[DATA SUPPLIED Boundary: Start]

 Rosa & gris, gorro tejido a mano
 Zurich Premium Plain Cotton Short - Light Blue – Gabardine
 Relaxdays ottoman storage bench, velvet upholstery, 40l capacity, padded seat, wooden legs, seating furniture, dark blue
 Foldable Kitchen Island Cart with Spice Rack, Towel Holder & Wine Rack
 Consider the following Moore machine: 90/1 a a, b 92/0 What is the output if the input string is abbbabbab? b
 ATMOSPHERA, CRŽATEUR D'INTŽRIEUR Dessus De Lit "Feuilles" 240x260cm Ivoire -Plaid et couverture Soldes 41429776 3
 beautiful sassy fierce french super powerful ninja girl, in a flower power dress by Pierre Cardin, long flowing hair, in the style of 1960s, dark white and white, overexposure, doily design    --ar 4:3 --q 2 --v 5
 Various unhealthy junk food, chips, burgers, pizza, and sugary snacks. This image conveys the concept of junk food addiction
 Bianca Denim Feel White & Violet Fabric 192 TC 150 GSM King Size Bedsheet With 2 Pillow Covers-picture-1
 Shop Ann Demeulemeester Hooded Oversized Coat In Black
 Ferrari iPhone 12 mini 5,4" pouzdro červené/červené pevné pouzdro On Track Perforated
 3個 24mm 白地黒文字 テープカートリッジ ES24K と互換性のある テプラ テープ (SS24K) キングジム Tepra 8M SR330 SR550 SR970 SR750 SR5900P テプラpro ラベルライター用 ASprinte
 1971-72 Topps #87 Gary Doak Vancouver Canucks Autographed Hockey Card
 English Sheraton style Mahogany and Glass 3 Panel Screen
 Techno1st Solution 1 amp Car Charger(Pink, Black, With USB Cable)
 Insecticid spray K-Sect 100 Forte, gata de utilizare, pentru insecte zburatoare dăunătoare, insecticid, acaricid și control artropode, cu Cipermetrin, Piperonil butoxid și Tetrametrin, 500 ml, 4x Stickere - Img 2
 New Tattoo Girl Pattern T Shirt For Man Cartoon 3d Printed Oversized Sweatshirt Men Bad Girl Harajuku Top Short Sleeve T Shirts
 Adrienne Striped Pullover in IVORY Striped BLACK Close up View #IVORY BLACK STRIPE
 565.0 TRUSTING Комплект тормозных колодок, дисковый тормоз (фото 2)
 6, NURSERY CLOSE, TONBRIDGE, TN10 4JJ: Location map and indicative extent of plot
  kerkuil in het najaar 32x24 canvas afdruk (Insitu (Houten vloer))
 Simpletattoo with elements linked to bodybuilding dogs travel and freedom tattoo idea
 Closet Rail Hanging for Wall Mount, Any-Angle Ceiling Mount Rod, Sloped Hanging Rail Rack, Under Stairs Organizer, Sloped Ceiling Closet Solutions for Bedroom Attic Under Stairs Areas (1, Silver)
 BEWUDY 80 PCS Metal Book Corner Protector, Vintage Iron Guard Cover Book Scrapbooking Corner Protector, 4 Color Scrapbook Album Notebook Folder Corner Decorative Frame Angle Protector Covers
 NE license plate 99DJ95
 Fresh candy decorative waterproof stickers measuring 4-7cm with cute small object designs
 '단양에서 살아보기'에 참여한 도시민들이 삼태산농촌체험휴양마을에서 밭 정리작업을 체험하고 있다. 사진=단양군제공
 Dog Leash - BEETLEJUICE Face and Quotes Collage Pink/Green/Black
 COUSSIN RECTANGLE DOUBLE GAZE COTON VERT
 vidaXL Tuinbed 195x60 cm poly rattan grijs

[DATA SUPPLIED Boundary: End]

_YOUR INSTRUCTIONS_: Please go through the data above and copy each line containing the word "dark".

_ANSWER TO THE PROBLEM_:
 Relaxdays ottoman storage bench, velvet upholstery, 40l capacity, padded seat, wooden legs, seating furniture, dark blue
 beautiful sassy fierce french super powerful ninja girl, in a flower power dress by Pierre Cardin, long flowing hair, in the style of 1960s, dark white and white, overexposure, doily design    --ar 4:3 --q 2 --v 5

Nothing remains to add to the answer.